3

I saw Getting a backtrace of other thread but it didn't contain a lot of practical information.

What I want is to be able to catch SIGSEGV in a C multi-threaded app using POSIX threads running on Linux (CentOS, 2.6 kernel), and print the stack trace of the thread that caused it. Of course, not knowing which thread caused it, it's Good Enough For Me (tm) that the main thread that caught the signal to enumerate over all the threads and just print the stack trace of all of them.
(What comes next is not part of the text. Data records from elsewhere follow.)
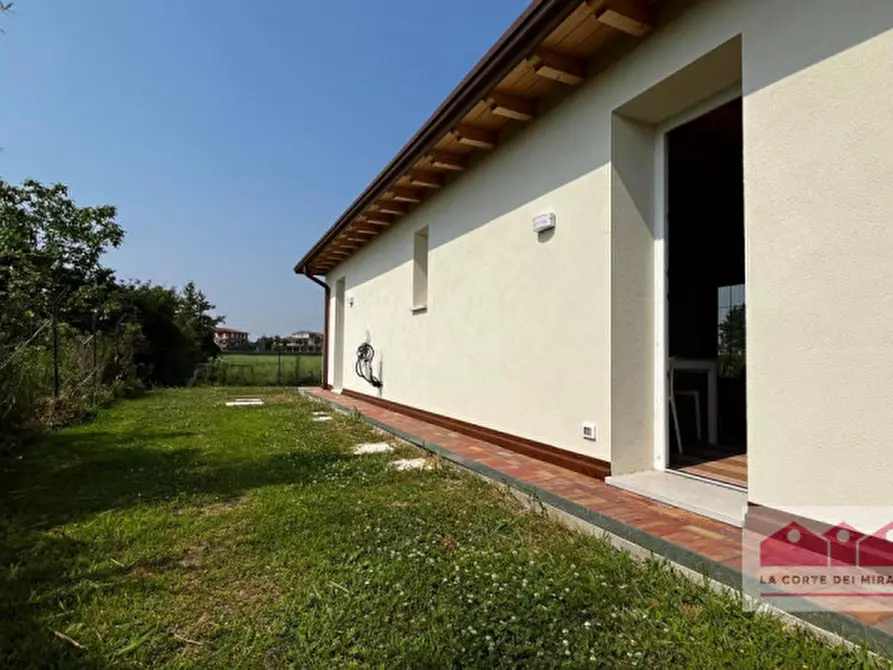 Immagine 17 di Appartamento in affitto  in Strada Ponte Marchese 224 a Caldogno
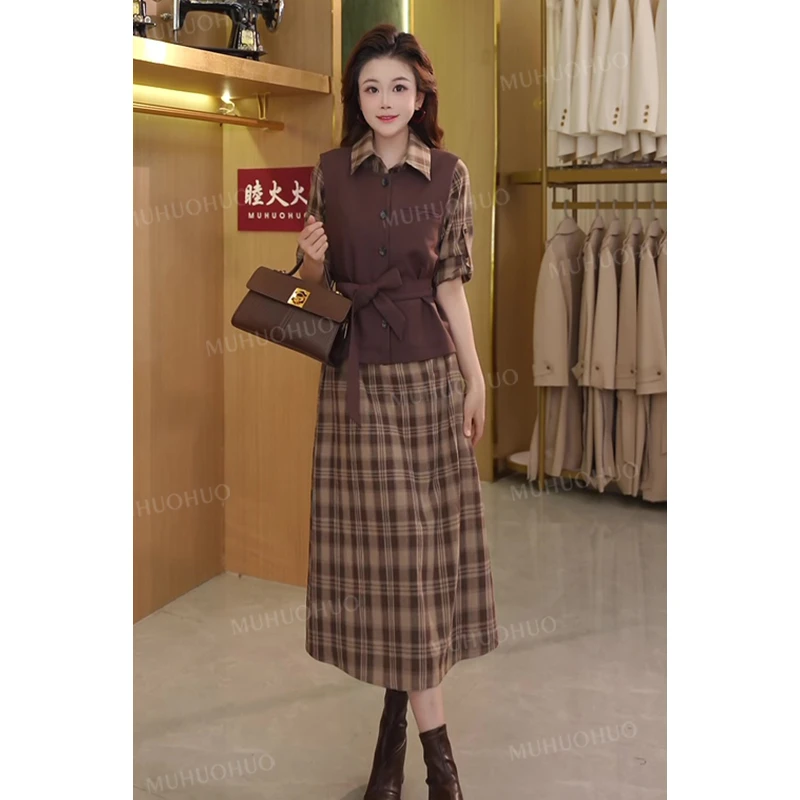 2025秋季气质女生条纹格子衬衫搭配无袖马甲通勤高腰洋气连衣裙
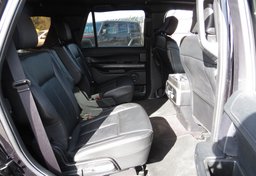 2020 Ford Expedition - Image 27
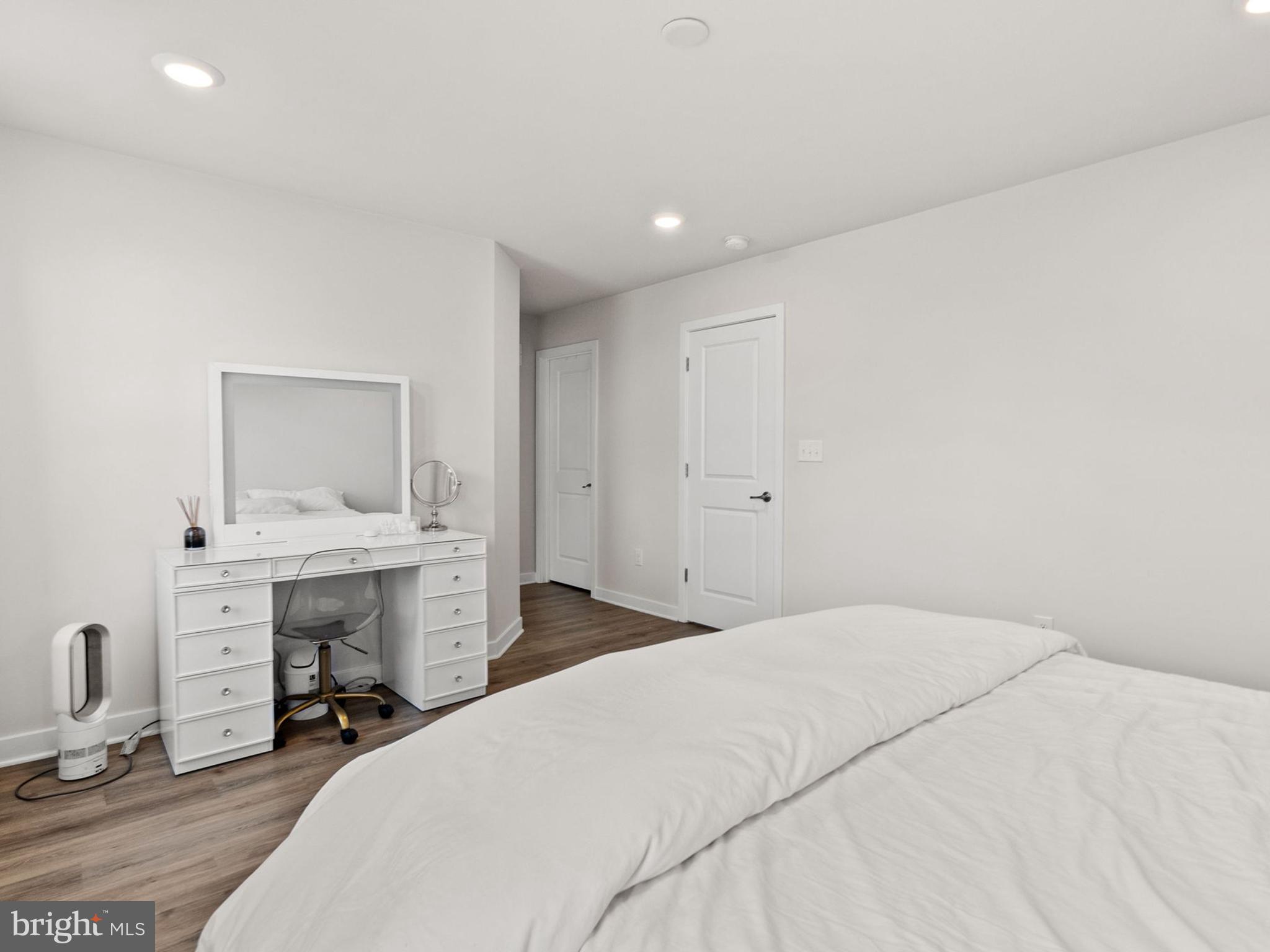 VILLAGES AT SPRING HILL - Residential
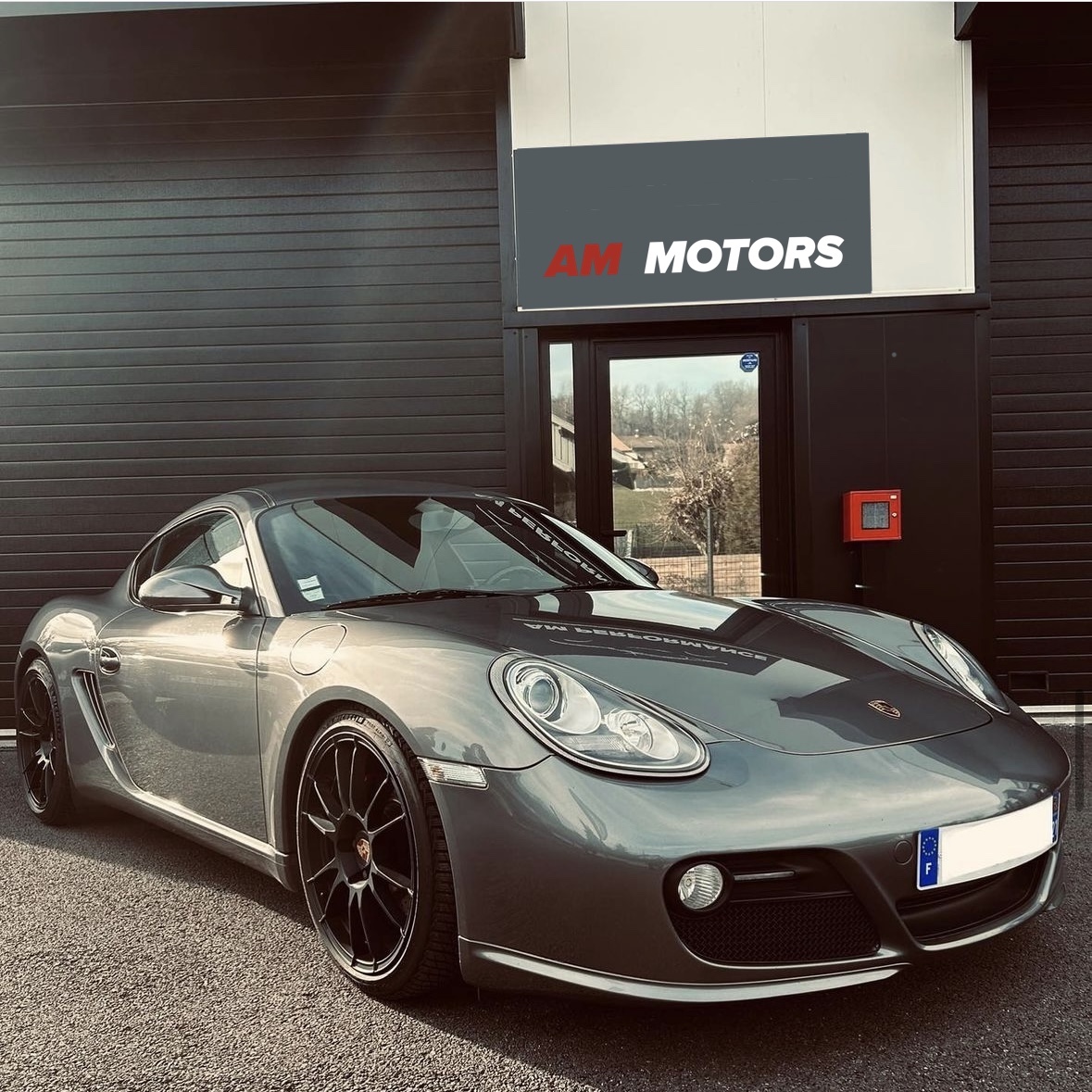 Porsche Cayman gris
It was noted over there that perhaps libunwind can be used for this, but its documentation is rather lacking and I couldn't find a good example of how to go about using it for this purpose. Also, I wondered if it has any significant performance overhead or other impact, and whether it is battle-tested and used in production code, or if it's mostly only used in debugging and development, and not in production systems.

Does anyone have sample code using libunwind or another reasonably straightforward (like not writing it in assembly) way to do this?

Community
  • 1
  • 1
e.dan
  • 7,275
  • 1
  • 26
  • 29

1 Answers1

3

Getting the backtrace of the thread that caused the exception is easy, more or less:

Pass the -rdynamic flag to the linker

Then, in your coderegister signal handler, extract the EIP of the fault from the signal handler parameters and then use it and the backtrace() function to get an array of the addresses.

Find some way to pass the data in the array outside your app (to a different process over a pipe for exeample) and there you can use backtrace_symbols() to translate the backtrace to symbol names.

Make sure not to use any thread async non safe function in the signal handler, don't take any locks, allocate memory or call any function that does.

Here are the slides to a presentation I gave on the subject: http://www.scribd.com/doc/3726406/Crash-N-Burn-Writing-Linux-application-fault-handlers

The video is also available somewhere of the talk but I can't find it now...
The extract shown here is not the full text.